[Libguestfs] [PATCH v3 14/14] nbd/server: Add FLAG_PAYLOAD support to CMD_BLOCK_STATUS
Vladimir Sementsov-Ogievskiy
vsementsov at yandex-team.ru
Fri Jun 2 09:13:25 UTC 2023
On 15.05.23 22:53, Eric Blake wrote:
> Allow a client to request a subset of negotiated meta contexts.
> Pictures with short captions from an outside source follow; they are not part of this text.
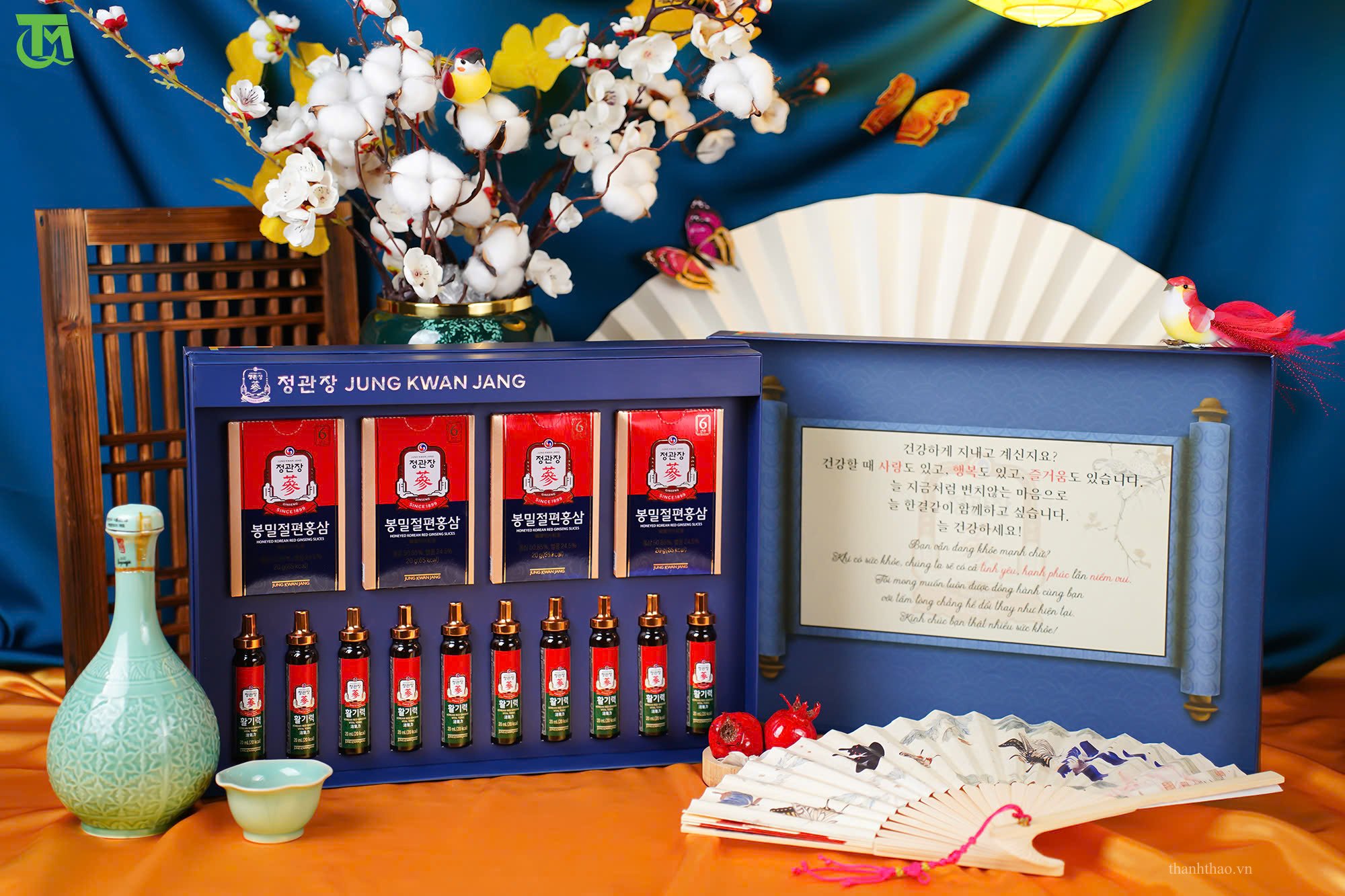 Bộ Quà Tặng Xuân 2026 – Xuân Phong Đắc Ý 7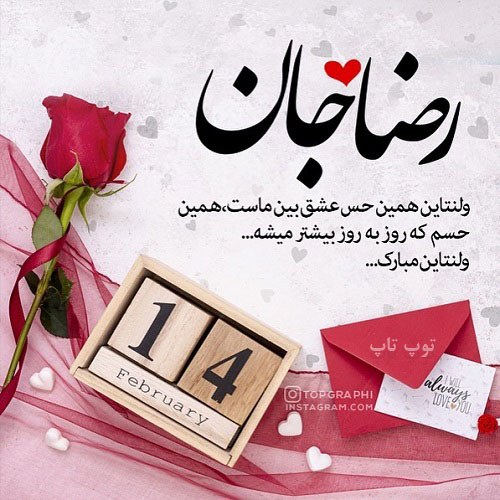 عکس نوشته تبریک ولنتاین به اسم رضا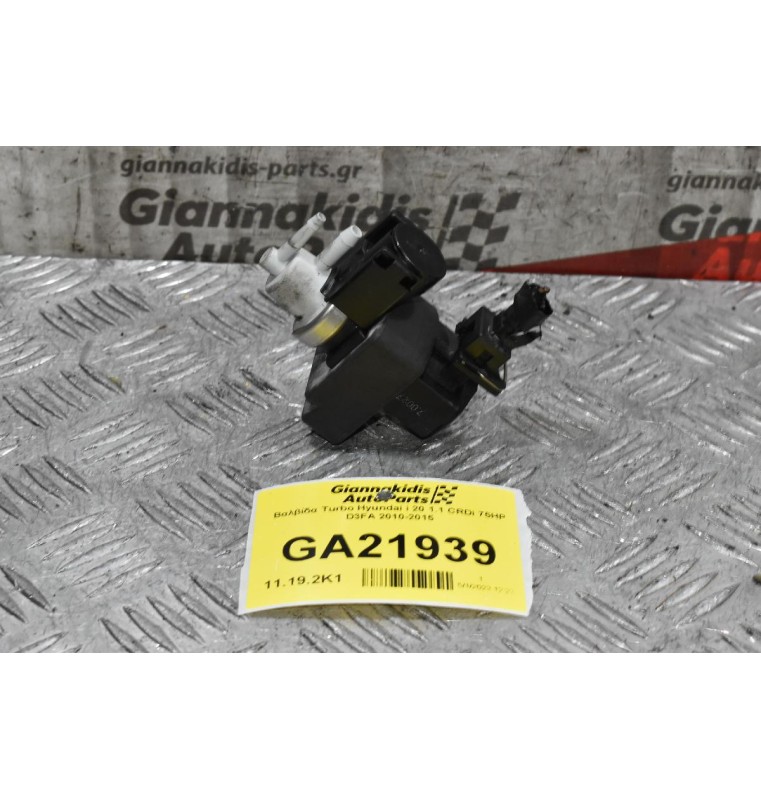 Βαλβίδα Turbo Hyundai i 20 1.1 CRDi 75HP D3FA 2010-2015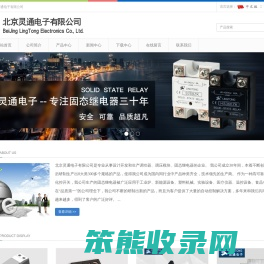 北京灵通电子有限公司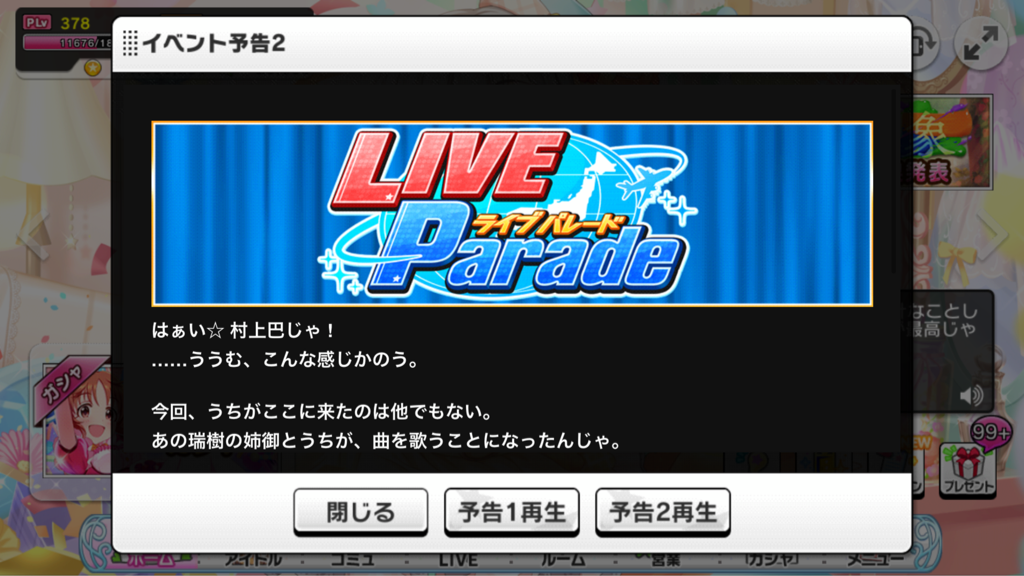 デレステ ライブパレード告知 Gaze And Gaze フォーリンシーサイド 村上巴 川島瑞樹 本田未央ちゃん応援まとめ速報 デレステ ライブパレード告知 Gaze And Gaze フォーリンシーサイド 村上巴 川島瑞樹 本田未央ちゃん応援まとめ速報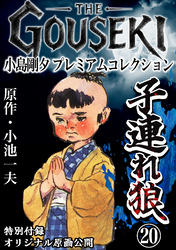 THE　GOUSEKI　小島剛夕　プレミアムコレクション　子連れ狼20＜特別付録　オリジナル原画公開＞
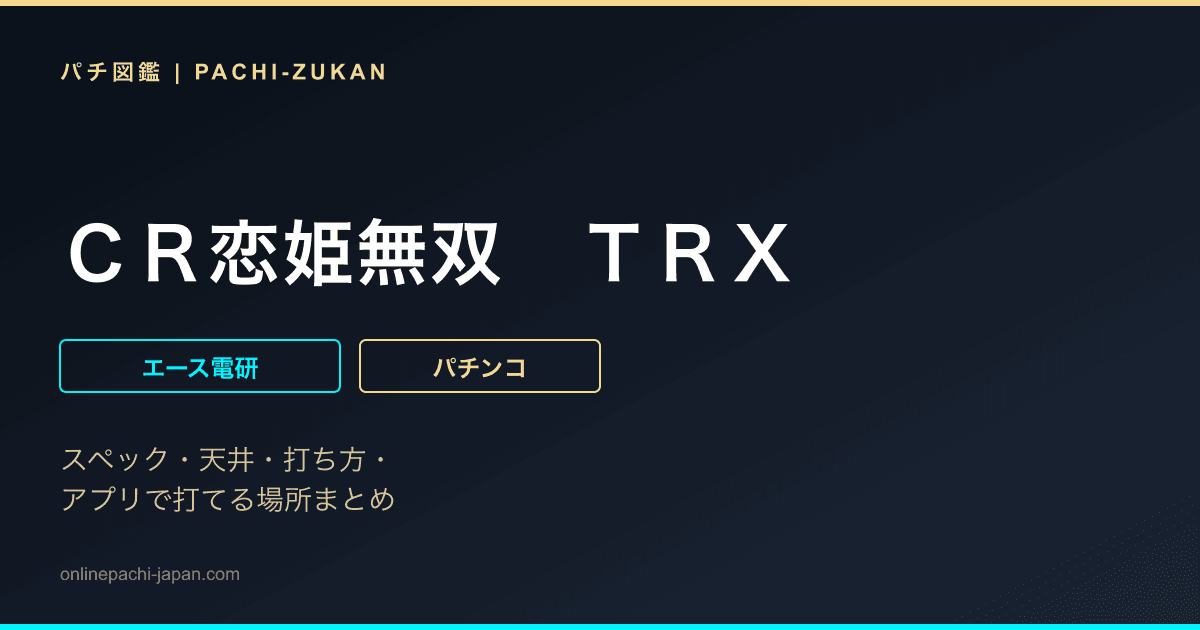 ＣＲ恋姫無双　ＴＲＸ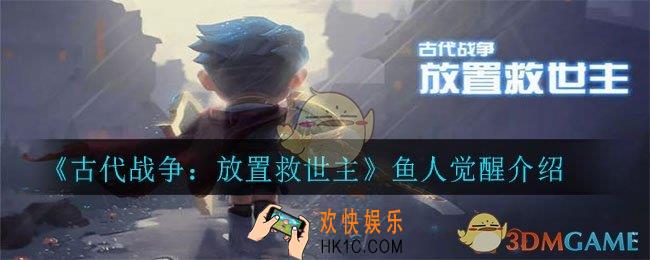 古代战争：放置救世主鱼人怎么觉醒_鱼人觉醒介绍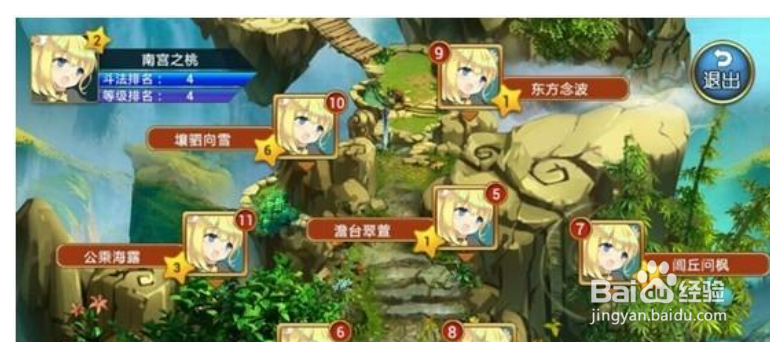 封神MM降妖伏魔玩法攻略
For
> example, a client may ask to use a single connection to learn about
> both block status and dirty bitmaps, but where the dirty bitmap
> queries only need to be performed on a subset of the disk; forcing the
> server to compute that information on block status queries in the rest
> of the disk is wasted effort (both at the server, and on the amount of
> traffic sent over the wire to be parsed and ignored by the client).
>
> Qemu as an NBD client never requests to use more than one meta
> context, so it has no need to use block status payloads. Testing this
> instead requires support from libnbd, which CAN access multiple meta
> contexts in parallel from a single NBD connection; an interop test
> submitted to the libnbd project at the same time as this patch
> demonstrates the feature working, as well as testing some corner cases
> (for example, when the payload length is longer than the export
> length), although other corner cases (like passing the same id
> duplicated) requires a protocol fuzzer because libnbd is not wired up
> to break the protocol that badly.
>
> This also includes tweaks to 'qemu-nbd --list' to show when a server
> is advertising the capability, and to the testsuite to reflect the
> addition to that output.
>
> Signed-off-by: Eric Blake <eblake at redhat.com>
> ---
> docs/interop/nbd.txt | 2 +-
> include/block/nbd.h | 32 ++++--
> nbd/server.c | 106 +++++++++++++++++-
> qemu-nbd.c | 1 +
> nbd/trace-events | 1 +
> tests/qemu-iotests/223.out | 12 +-
> tests/qemu-iotests/307.out | 10 +-
> .../tests/nbd-qemu-allocation.out | 2 +-
> 8 files changed, 136 insertions(+), 30 deletions(-)
>
> diff --git a/docs/interop/nbd.txt b/docs/interop/nbd.txt
> index abaf4c28a96..83d85ce8d13 100644
> --- a/docs/interop/nbd.txt
> +++ b/docs/interop/nbd.txt
> @@ -69,4 +69,4 @@ NBD_CMD_BLOCK_STATUS for "qemu:dirty-bitmap:", NBD_CMD_CACHE
> NBD_CMD_FLAG_FAST_ZERO
> * 5.2: NBD_CMD_BLOCK_STATUS for "qemu:allocation-depth"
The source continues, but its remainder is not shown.